● Data for analysis:
= Beginning of Section =

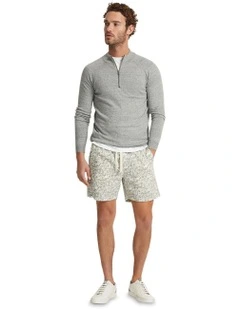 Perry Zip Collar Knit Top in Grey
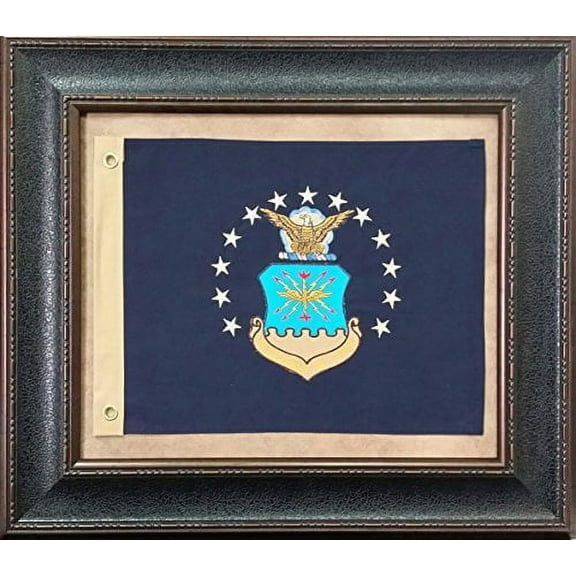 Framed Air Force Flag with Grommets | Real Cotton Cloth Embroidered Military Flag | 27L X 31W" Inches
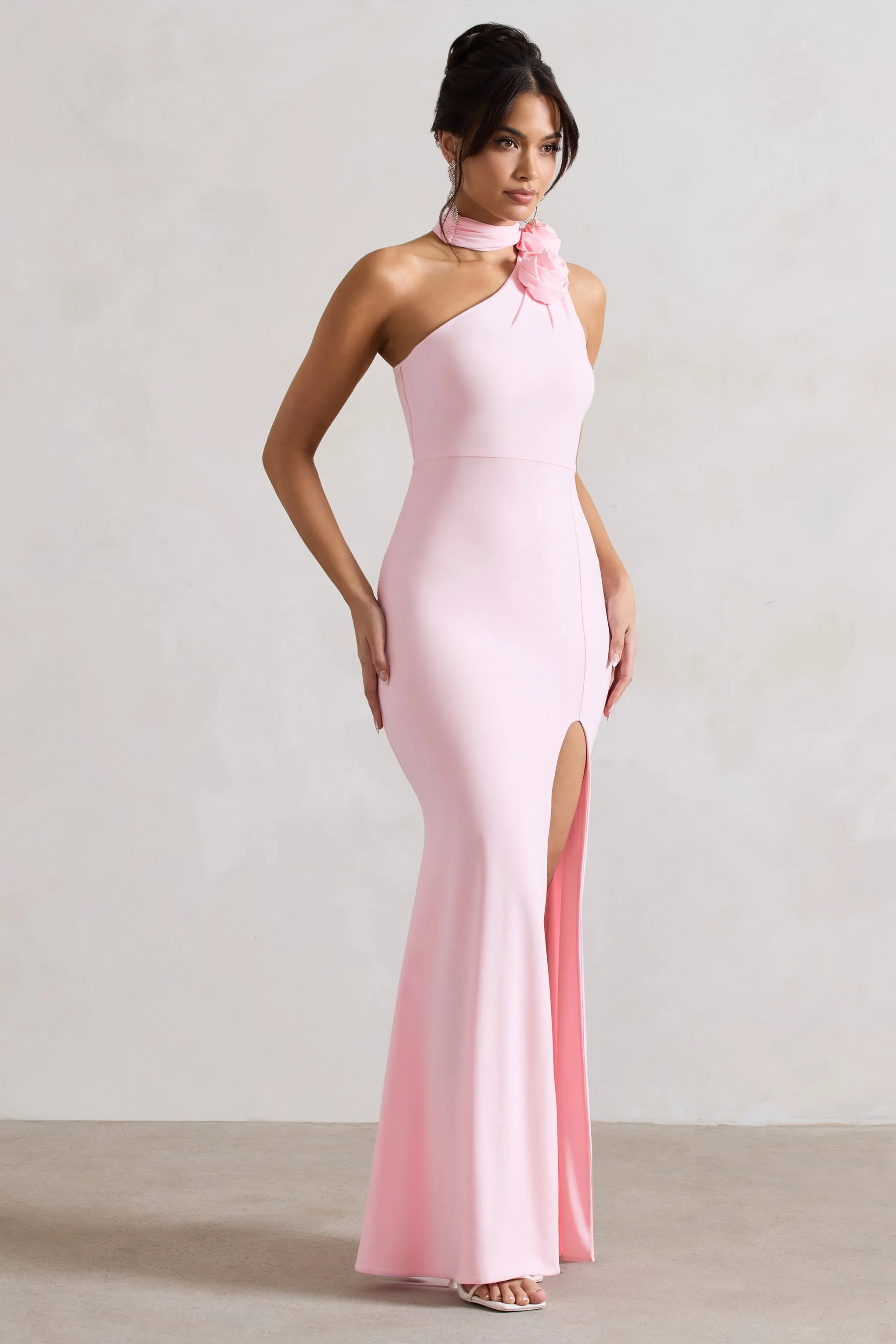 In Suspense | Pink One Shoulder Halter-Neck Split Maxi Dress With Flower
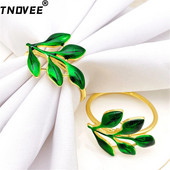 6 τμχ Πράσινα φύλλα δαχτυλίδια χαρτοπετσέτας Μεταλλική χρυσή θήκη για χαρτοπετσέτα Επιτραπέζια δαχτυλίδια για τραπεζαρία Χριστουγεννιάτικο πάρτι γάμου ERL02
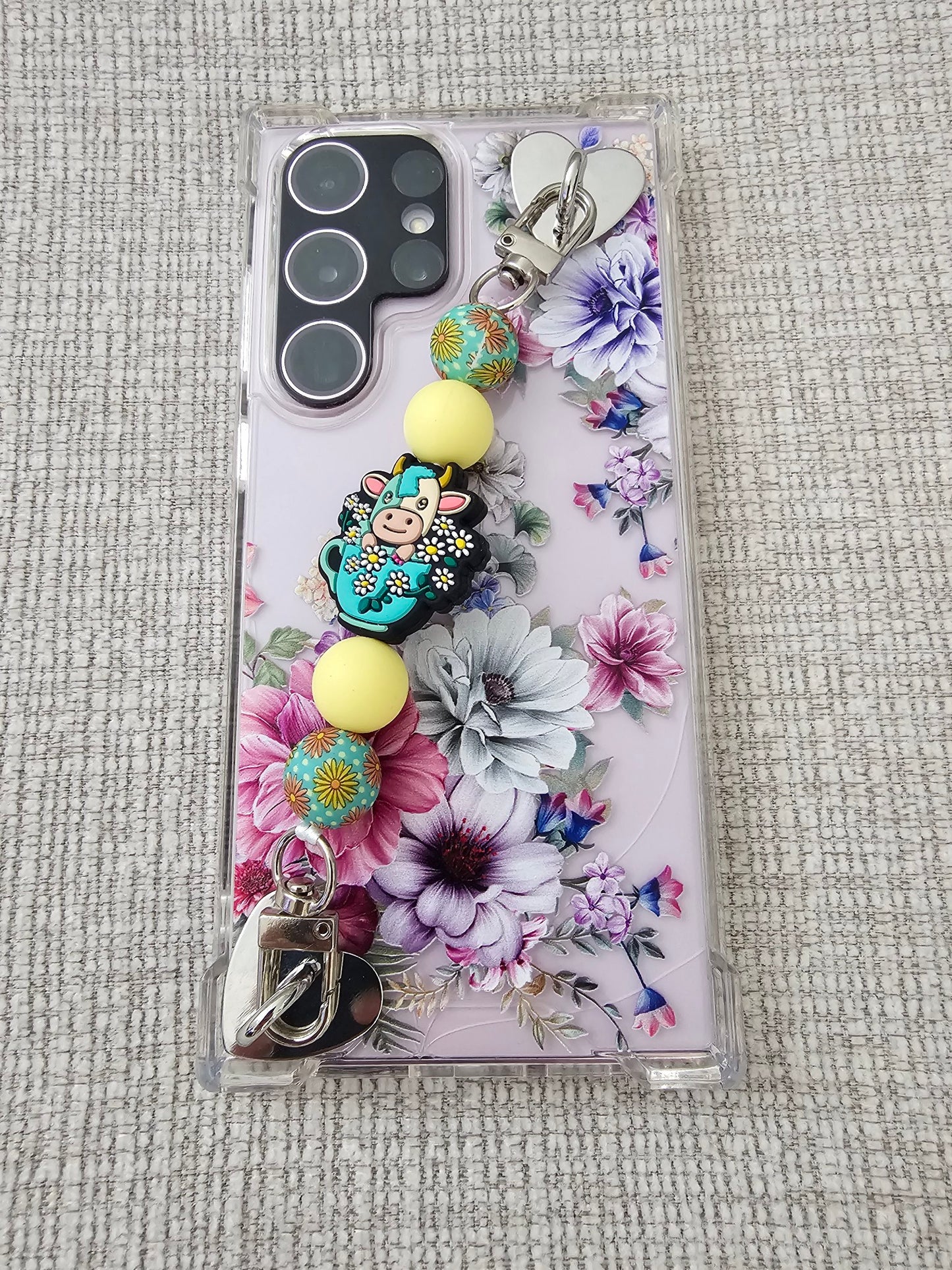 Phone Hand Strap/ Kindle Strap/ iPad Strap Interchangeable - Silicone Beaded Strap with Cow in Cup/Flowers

= End of Section =
= Beginning of Section =

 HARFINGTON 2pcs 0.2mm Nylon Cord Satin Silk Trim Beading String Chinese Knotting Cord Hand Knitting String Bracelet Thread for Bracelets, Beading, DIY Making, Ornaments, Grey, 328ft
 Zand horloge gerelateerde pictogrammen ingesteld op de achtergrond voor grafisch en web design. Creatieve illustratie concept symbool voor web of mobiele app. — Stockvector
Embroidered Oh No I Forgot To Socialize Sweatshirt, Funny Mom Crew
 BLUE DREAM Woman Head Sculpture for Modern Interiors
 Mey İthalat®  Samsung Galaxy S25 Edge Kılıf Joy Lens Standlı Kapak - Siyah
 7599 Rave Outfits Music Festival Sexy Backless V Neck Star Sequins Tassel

= End of Section =
= Beginning of Section =

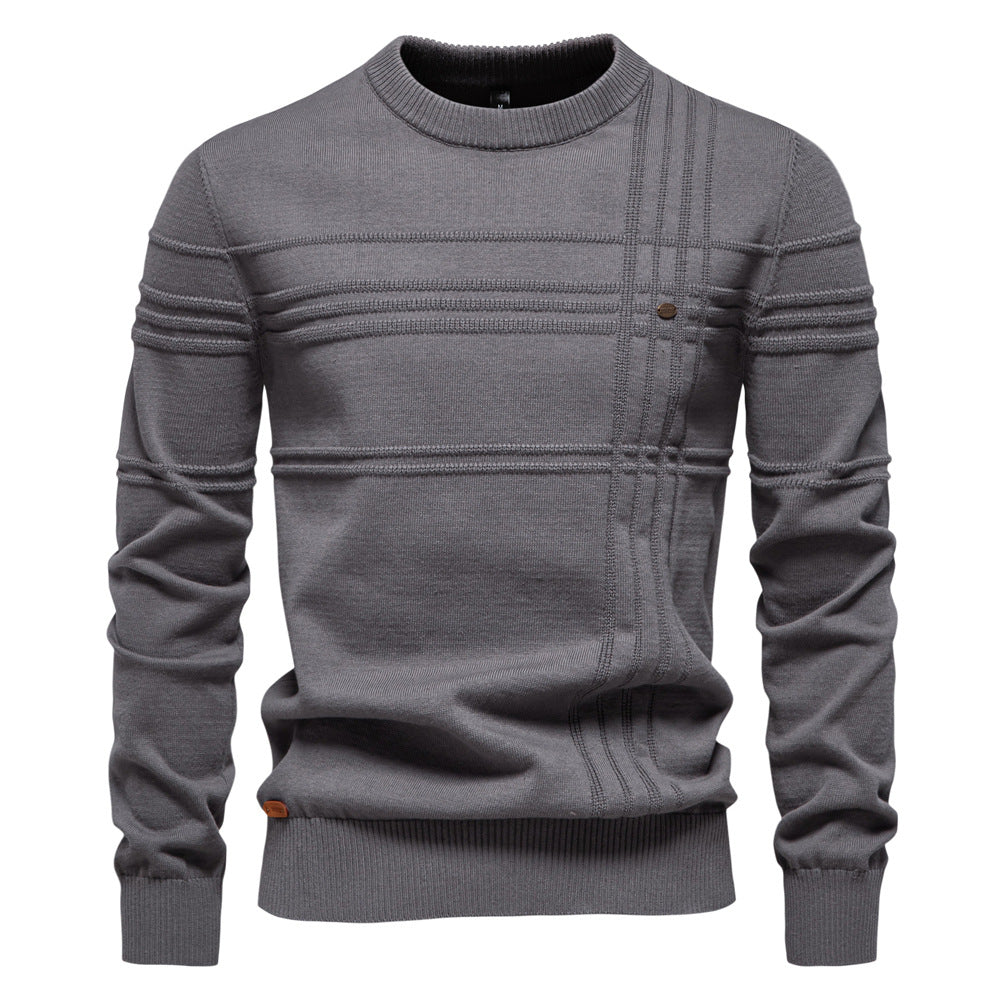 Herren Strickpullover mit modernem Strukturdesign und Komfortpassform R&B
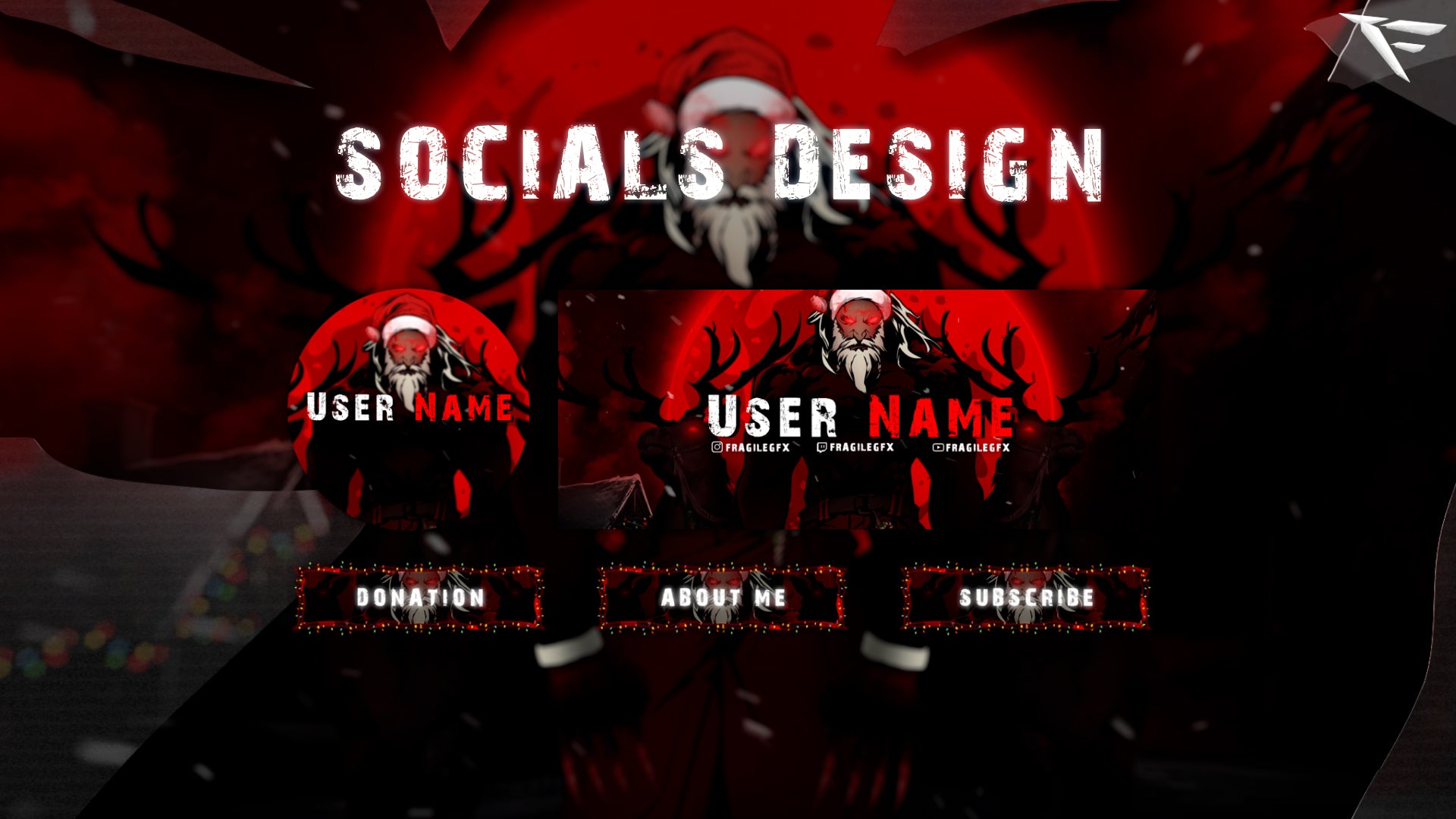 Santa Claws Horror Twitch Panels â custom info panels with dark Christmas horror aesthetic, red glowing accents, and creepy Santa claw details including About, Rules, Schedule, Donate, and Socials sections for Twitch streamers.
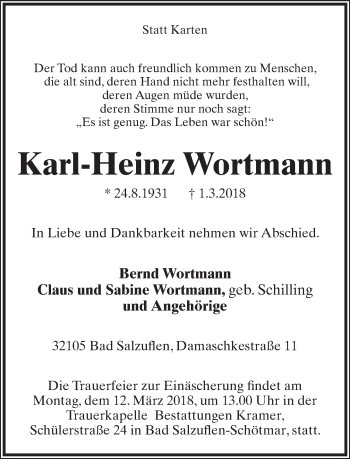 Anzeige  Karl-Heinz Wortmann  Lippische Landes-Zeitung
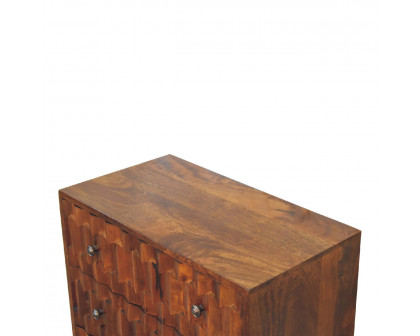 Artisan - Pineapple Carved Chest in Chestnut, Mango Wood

= End of Section =

● About this task: Within the listing above, extract exactly the lines from the line with "BLUE DREAM Woman" to the line with "7599 Rave Outfits", the two named lines included, and no others.

● Completed exercise:
 BLUE DREAM Woman Head Sculpture for Modern Interiors
 Mey İthalat®  Samsung Galaxy S25 Edge Kılıf Joy Lens Standlı Kapak - Siyah
 7599 Rave Outfits Music Festival Sexy Backless V Neck Star Sequins Tassel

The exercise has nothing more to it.